Foto: Gregor Fischer/AFP/Getty Images

Scholz sprach in seiner Regierungserklärung davon, Putin stelle mit seinem Angriffskrieg die Frage, ob Macht Gesetze brechen dürfe. Deutschland situiert sich eindeutig auf der Seite des Rechts, der Vernunft und der Moral – und gerade deshalb, so der zentrale Widerspruch, müsse aufgerüstet werden. Scholz‘ Schritt, 100 Milliarden Euro in die Bundeswehr zu stecken, fortan mehr als zwei Prozent des BIPs für die Verteidigung zu reservieren, bewaffnete Kampfdrohnen zu kaufen und die technologische Weiterentwicklung im Bereich des Militärs schnell voranzutreiben, bedeutet gerade, mit der Logik des besseren Arguments und der Vernunft zu brechen.

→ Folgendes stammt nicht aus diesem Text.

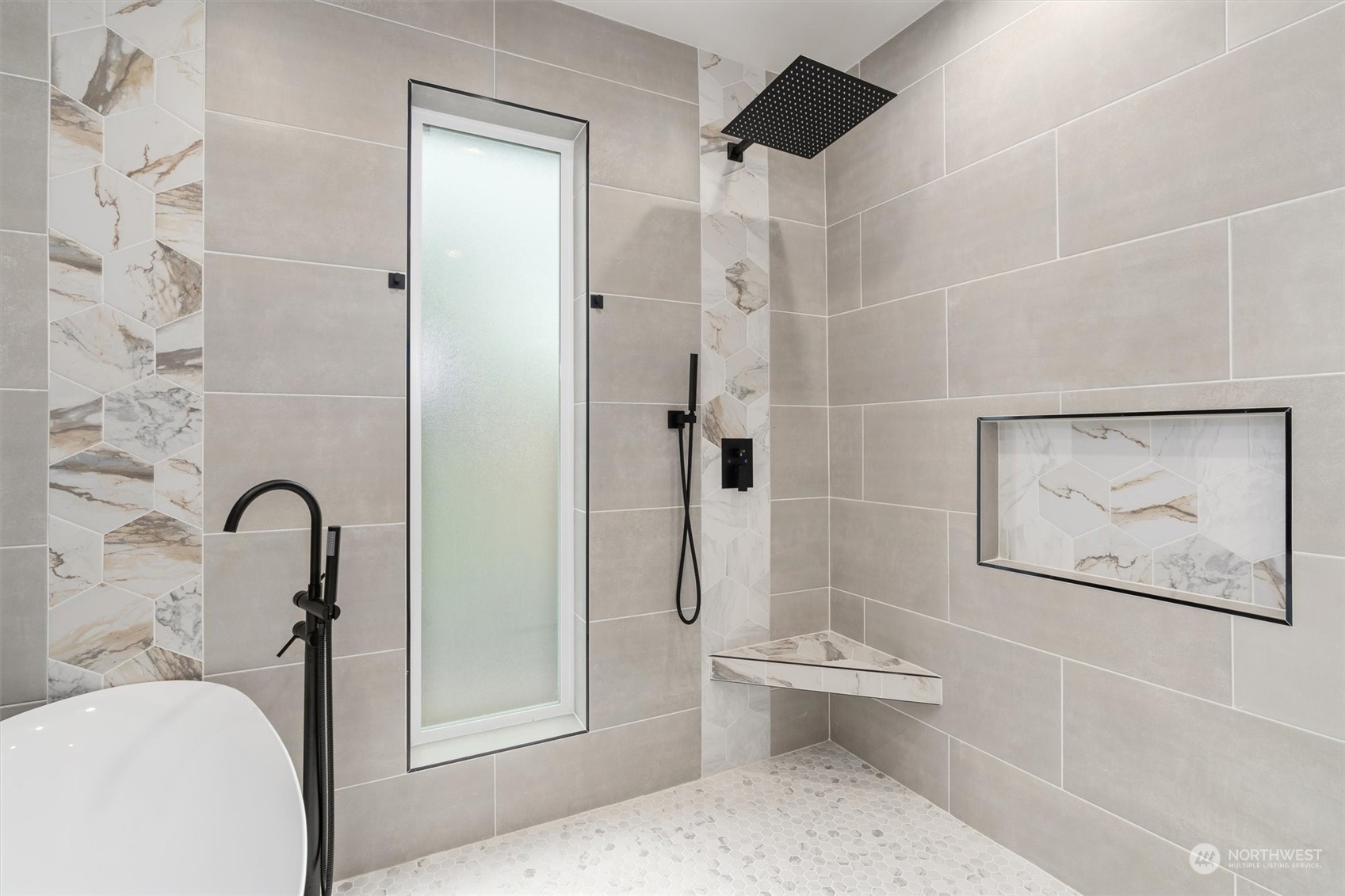 660 Solana Parkway Sequim, WA 98382 - Photo 18 of 40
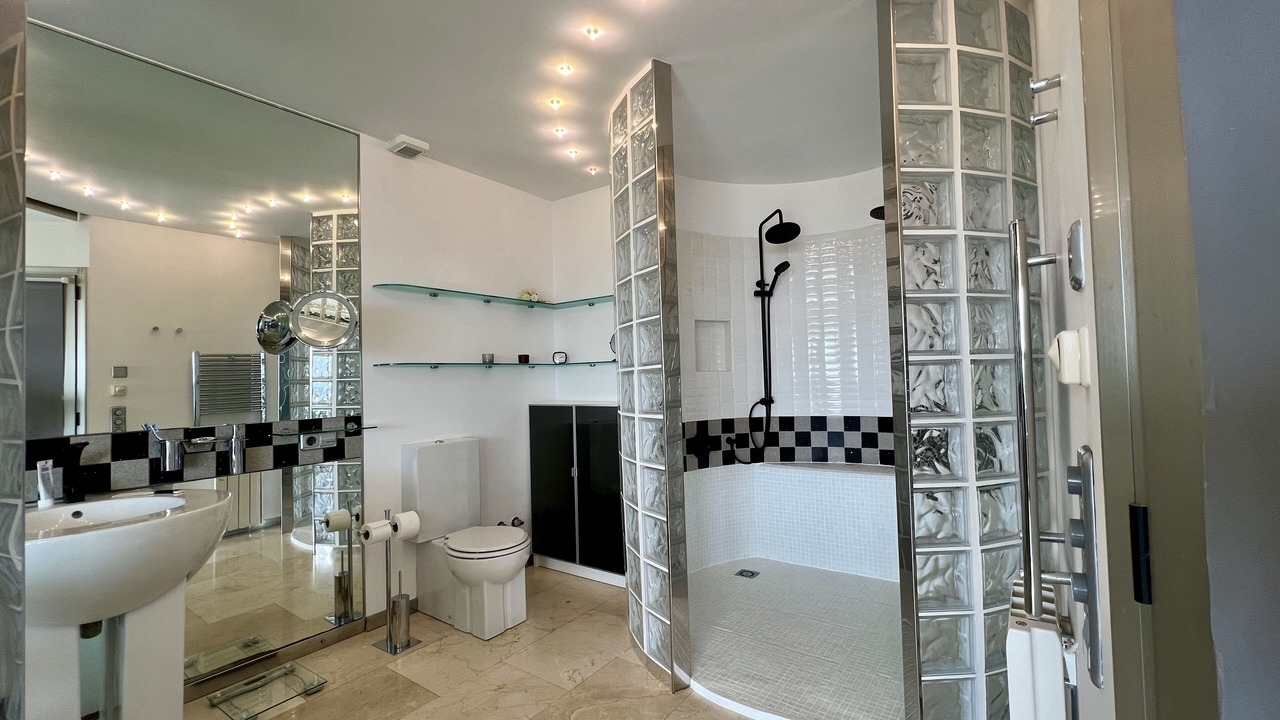 Photo of Bathroom in Vallpineda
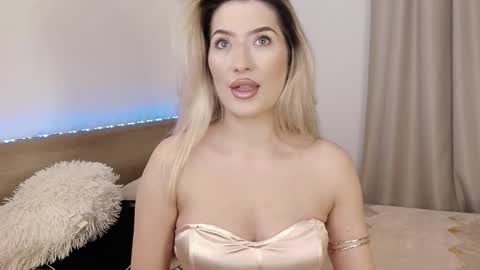 Megan Blazee  online show from January 13, 9:41 pm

Die Bundesregierung hat sich mit der Entscheidung für die Aufrüstung dafür entschieden, gerade der Logik der Stärke und der Macht zu folgen, die sie vorgeblich ablehnt.

Es steht außer Frage, dass die Entscheidung, die Ukraine im Krieg gegen Russland auch mit Waffen zur Selbstverteidigung zu unterstützen, die gegenüber dem reinen Zuschauen bessere Entscheidung ist. Ebenso außer Frage sollte jedoch stehen, dass die angekündigte militärische Aufrüstung keine geeignete Reaktion auf den russischen Zivilisationsbruch sein kann: Putins Logik der Stärke zu folgen, bedeutet ein neues Wettrüsten, einen neuen Kalten Krieg und damit das Ende der freiheitlichen Ziele und Werte, die Scholz und die Bundesregierung verteidigen wollen. Scholz‘ Argument, gerade diese Ordnung im Zweifelsfalle verteidigen können zu müssen, ist zwar nicht von der Hand zu weisen; das jedoch bedeutet nicht, dass ein derartiger Radikalschritt, der eine 180-Grad-Wende und eine potentiell endlose Aufrüstungsspirale mit dabei deutlich steigendem Konfliktpotential bedeutet, nötig oder angebracht wäre.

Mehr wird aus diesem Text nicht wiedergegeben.